In the mid-1980s, new federal laws were passed that provided for mandatory minimum sentences for many drug offenses. Many legislatures in the US adopted these harsher sentences to fight drug offenses.
The idea behind these laws was to punish large drug dealers and traffickers with tough prison sentences. The federal system led the way when it passed the Anti-Drug Abuse Act of 1986, and the Anti-Drug Abuse Act of 1988. These laws created new, severe mandatory prison sentences for drug offenses. The result was to remove much of the discretion from the judge giving the sentence. Typical mandatory minimum sentences for many drug crimes became 5-10 years, even for relatively low level drug crimes.
In recent years, these mandatory minimum sentences for drugs has caught up many small time drug dealers and users. Many of them have been given 5-10 year prison sentences for relatively minor crimes. This is one reason that Attorney General Eric Holder has been calling for changes to the federal drug sentencing guidelines. This has caused the prison population to soar.
This relatively high number of minor offenders being caught up in these mandatory sentencing laws can be seen in US federal drug offense data.
Mandatory Minimum Sentence Statistics for Drugs and Other Crimes
In 2010, one study found that drug, firearms and immigration offenses were 82% of the 73,239 cases in that study. About 25% of those offenses involved a mandatory minimum sentence. Also, in 2010, 77% of the 19,896 who were convicted of an offense with a minimum sentence were convicted of various drug trafficking offenses.

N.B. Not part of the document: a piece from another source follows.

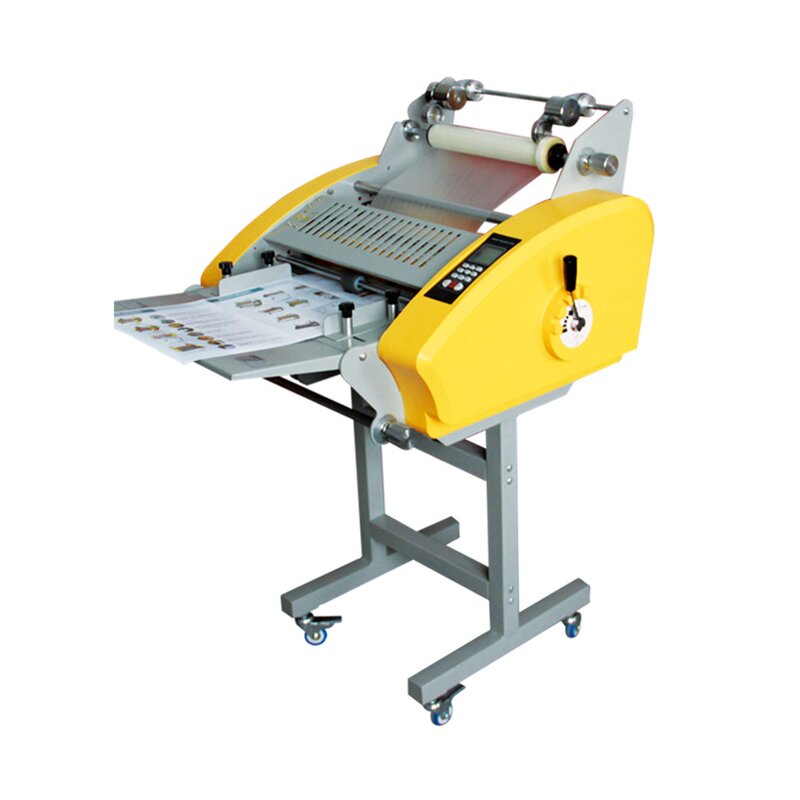 PVC Laminating Machine Manufacturer - SG-3866 Auto Feed Hot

Drug offenses are the largest part of the mandatory minimum sentence caseload in the US. The most common drugs involved in these cases were:
- Marijuana – 26%
- Cocaine – 23%
- Crack cocaine – 20%
- Methamphetamine – 17.6%
- Heroin – 6.6%
- Other drugs – 6.4%
The use of mandatory minimum sentences will vary a great deal depending upon the drug in the case. In 2010, a mandatory minimum penalty was used in 83% of cases that involved methamphetamine. In marijuana cases, the mandatory minimum sentence was done in only 45% of cases. For PCP and LSD, it was only 11.4%.

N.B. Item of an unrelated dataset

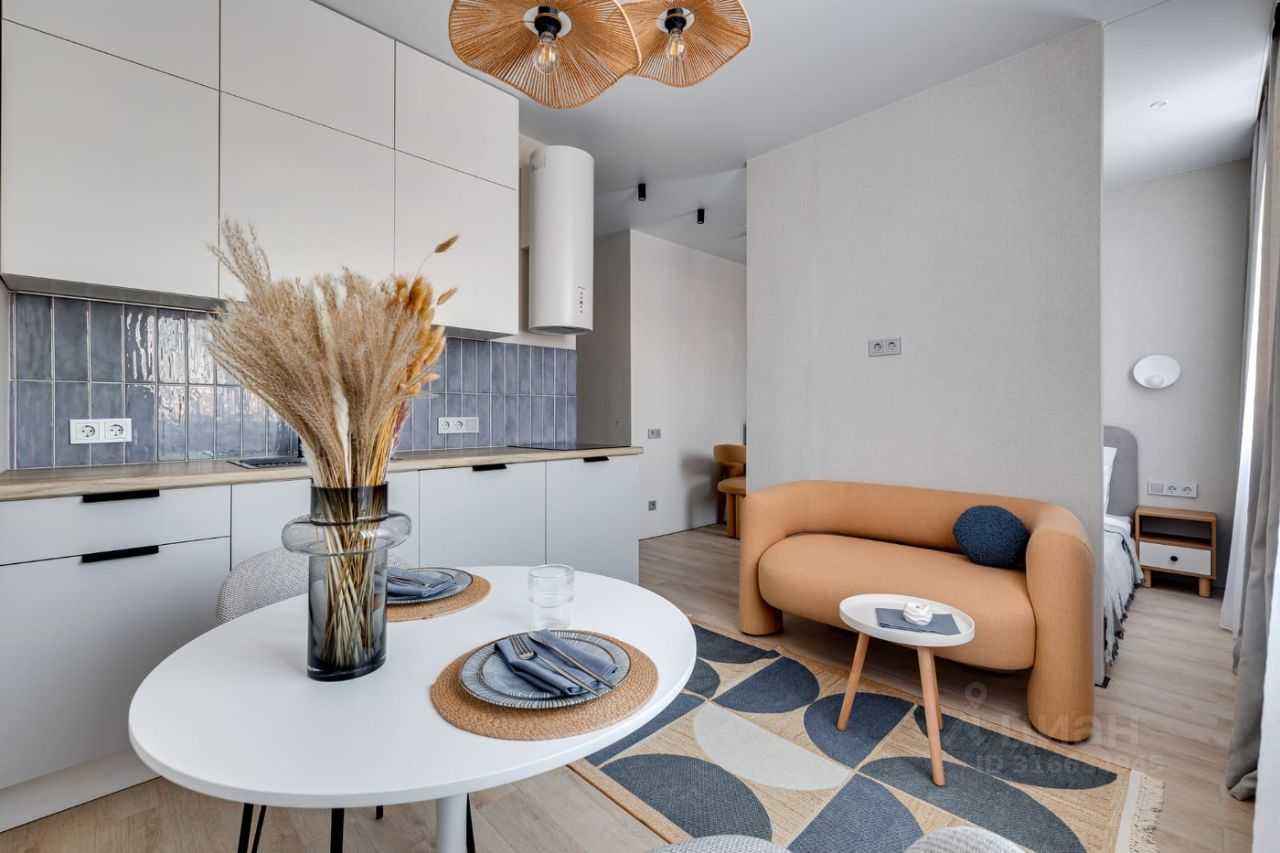 1-комнатная квартира, 30,4 м² — фотография 2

Inconsistent Policies on Mandatory Minimum Sentences for Drugs
In a recent study, interviews with defense attorneys and prosecutors across 13 districts in the US found very different practices regarding charging some offenses that will trigger mandatory minimum sentences. These differences were found to be very strong regarding section 851 of title 21 of the United States Code for drug offenses for those with prior convictions. This would usually double the mandatory minimum sentence. In some districts, the 851 filing was done in almost all drug cases where there was a prior conviction. But in other districts, it hardly was ever filed.

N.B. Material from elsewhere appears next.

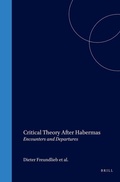Cover: Critical Theory After Habermas - Brill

Attorney General Reduces Sentencing for Some Drug Offenders
In summer of 2013, Attorney General Eric Holder announced that lower level, nonviolent drug offenders that were not tied to gangs or large drug organizations would not be charged in a way that would impose mandatory minimum sentences. Holder argued that the current cycle of poverty, criminality and incarceration for minor offenses traps too many Americans in prison and is weakening American communities.
Holder called for changes in how the Justice Department judges drug cases. The idea is to reserve severe prison sentences for serious drug offenses or for those involving violence. Holder directed US attorneys around the US to come up with local guidelines to determine when federal drug charges should be filed.
Relief from Mandatory Minimum Sentences for Some Drug Offenders
In the last few years, some minor drug offenders have started to see relief from minimum mandatory sentences for drugs. In 2010, more than 50% of drug offenders in the US that were convicted of a drug offense that had a mandatory minimum sentence did get relief from the minimum penalty. About ¼ of drug offenders got sentence relief through a legal review process. Others, about 19%, received a lighter sentence for providing help to the government to prosecute drug crimes.
White offenders were found to benefit from sentence relief 64% of the time, with blacks getting relief 39% of the time.
The general direction of the US legal system today on drug crime is to focus on incarcerating for long periods the most serious drug offenders, and those who commit violence during their drug crimes.